The diachronics of this situation are reasonably clear: the perfective prefixed indeterminate forms reflect the fact that the determinate and indeterminate verbs were originally wholly separate lexemes with no unusual affinity, so at one point the verbs now called indeterminate were freely able to take perfectizing derivational prefixes. The imperfective prefixed indeterminate verbs, on the other hand, are the result of generalizing the model of prefixed motion verbs, where the indeterminate stem always marks imperfective forms. The latter group has come to dominate, with the perfective forms typically described as exceptional in most pedagogical materials, despite the fact that they conform to the typical patterns of Russian derivation; they are the “exception to the exception” within the realm of motion verbs (Janda 2010).

While at first glance it seems as though the existence of both perfective and imperfective derivatives of indeterminate stems is yet another complicating factor that makes verbs of motion break the traditional pattern where prefixation results in perfectivization, this arrangement is not at all unique to verbs of motion. For instance, the verb па́датьI 'fall' forms derivatives of both aspects, as in напа́датьP 'fall in large amounts' and напада́тьI 'attack' (Schuyt 1988). We will return to напа́да́ть and how it might help to explain the derivational processes at work in verbs of motion in the following section.

3. The Relationship between Prefixed Determinate and Indeterminate Forms

One question that remains unresolved is the underlying relationship between perfective prefixed determinate verbs of motion (like уйтиP 'leave') and imperfective prefixed indeterminate verbs of motion (like уходитьI 'leave'). As discussed earlier, these two groups clearly pattern as aspectual pairs of one another. However, there are two takes on the underlying origin of the imperfective forms: Is a verb such as уходитьI a secondary perfective derived from уйтиP that for some reason is reliably suppletive, always based off the indeterminate stem, or does уходитьI derive from ходитьII in parallel to how уйтиP derives from идтиID, as the morphology suggests?

The former view (the secondary derivation hypothesis), argued by Isačenko (1960) among others, derives its strength primarily from the fact that it brings prefixed verbs of motion in line with the rest of the Russian aspectual system, only leaving behind the unpaired (in)determinate verbs as aspectual oddities. That is, the imperfective verb идтиID is prefixed to form the perfective уйтиP, which then derives a secondary imperfective уходитьI; this is conceptually the same as derivation among non-motion verbs, with the one exception that Russian secondary imperfectives never use suppletive stems. It also seems to run afoul of normal Russian rules of derivation, since it denies the fact that the verb ходитьII is the source of уходитьI, instead placing the suppletive уйтиP into the role of middleman; when taken at face value this seems patently illogical, since why would one posit two rounds of suppletion in order to achieve the net effect of simply adding a prefix (Janda 2010)?

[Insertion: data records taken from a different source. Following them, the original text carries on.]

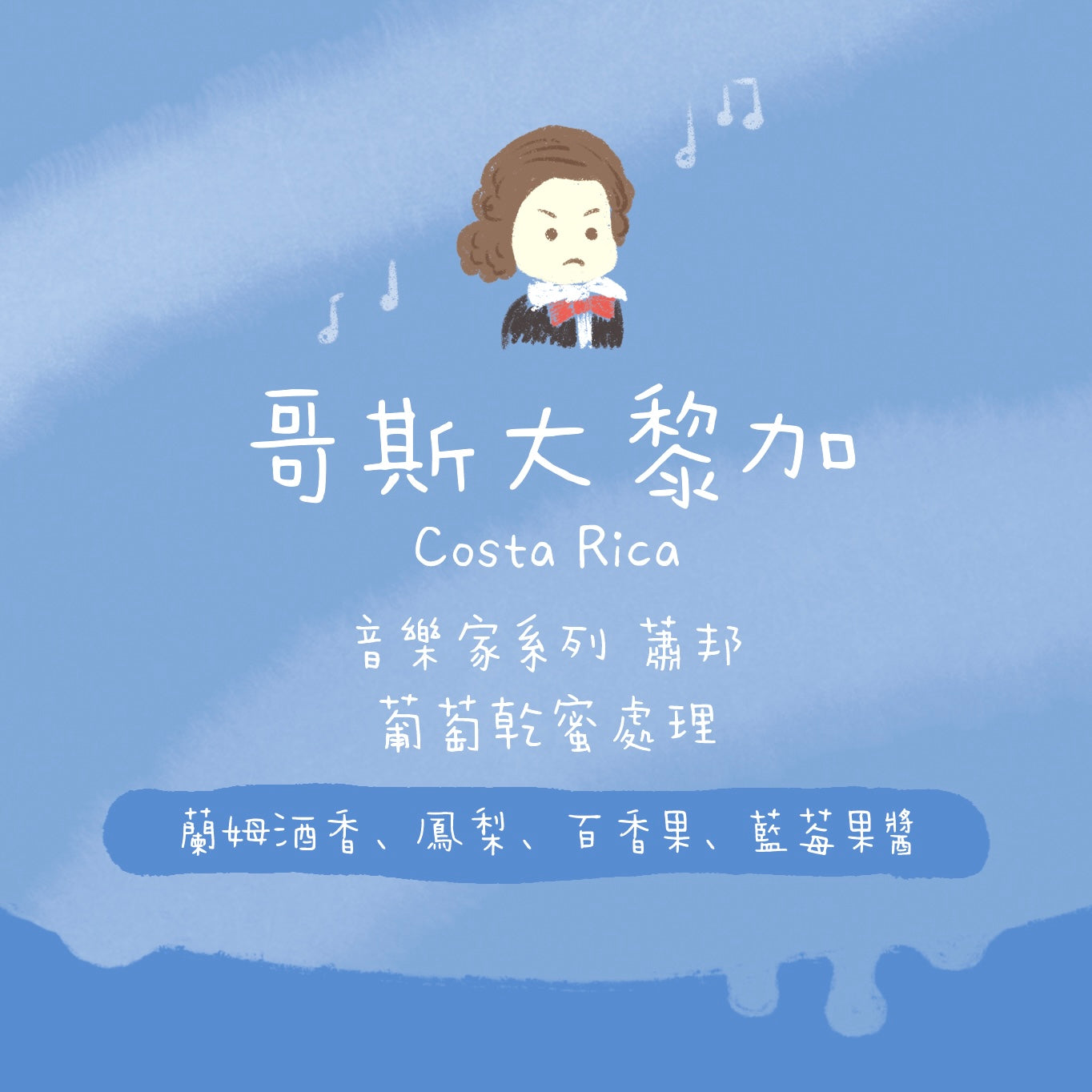 【2026最新蕭邦✨】哥斯達黎加|卡內特 音樂家系列 蕭邦 葡萄乾蜜處理 淺焙|咖啡豆 掛耳包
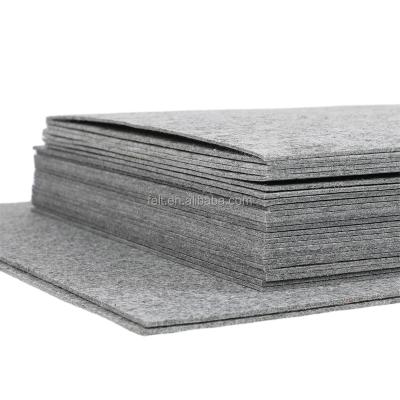 China Thick gray antistatic wool felt for sale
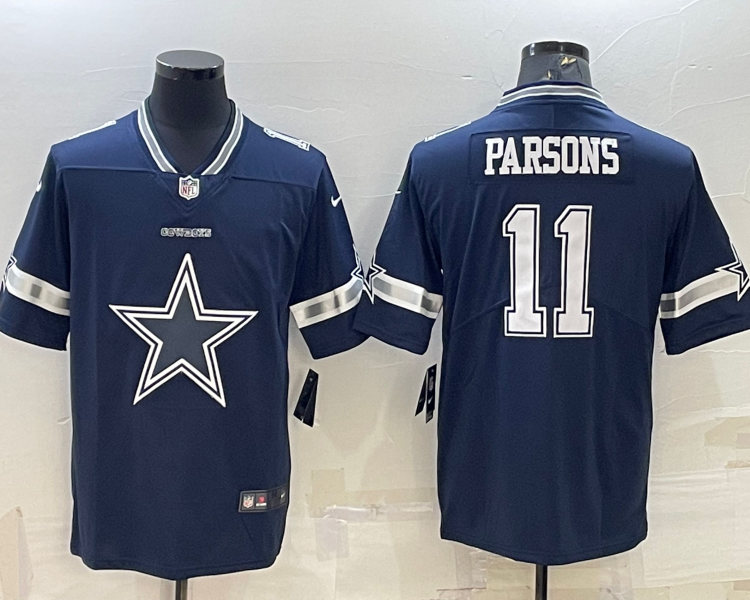 Men's Dallas Cowboys Micah Parsons #11 Navy Jersey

A newer view (the coderivation hypothesis) is posited by Janda (2010), who argues that the secondary derivation hypothesis is overly complex and opts for morphologically more transparent approach of deriving уходитьI directly from ходитьII. She correctly states that this approach resolves the morphological issue by resorting to typical Russian derivational procedures, and argues in addition that the reason why some derivatives of indeterminate verbs are imperfective and others perfective ultimately comes down to semantics. However, she does not discuss the ways in which this significantly complicates the analysis as well, since it requires positing an entirely new mechanism for creating aspectual pairs in Russian: that the perfective and imperfective can be independently derived and then be brought together to form a new pair. It also runs into problems when the imperfective prefixed verbs of motion have some sort of mutation or additional morphology present. For example, the imperfective counterpart to приехатьP 'arrive by vehicle' is приежзатьI, not *приездить as the indeterminate form ездитьII would suggest. Historically the form приезжатьI is related to ездитьII, simply with the formant *-aj- added (early Proto-Slavic *jēsd-ei-tei → *prī-jēsd-i-ai-tei). Why would the addition of a prefix to ездить force the addition of an imperfectizing formant, when other verbs need no such formant?5

In this instance, I am inclined to side with the secondary derivation hypothesis due to evidence from non-motion verbs. The case of напа́дать/напада́ть is quite explicative, since it actually closely parallels the verbs of motion without having the extra complicating factor of the determinacy contrast overlaid on top of it. This verb is one of the less frequent cases of the verbal prototype/morphologically-simplest form being perfective, namely пастьP 6. Like most other verbs with a perfective prototype, it had a derived imperfective partner formed with the suffix *-aj-, падатьI. Since prefixed perfectives are based on whatever the verbal prototype is, we get the form напастьP 'attack' derived from пастьP rather than from падатьI, since пастьP is morphologically unmarked. When напастьP derives a secondary imperfective, it is based on the stem -падать rather than a regularized *-падывать because the natural pair пастьP/падатьI already provides a perfect aspectual template with no prefixes; the stress shifts from па́датьI to напада́тьI because of a general Russian stress rule where the suffix *-aj- is always stressed in secondary imperfectives7 (Schuyt 1988).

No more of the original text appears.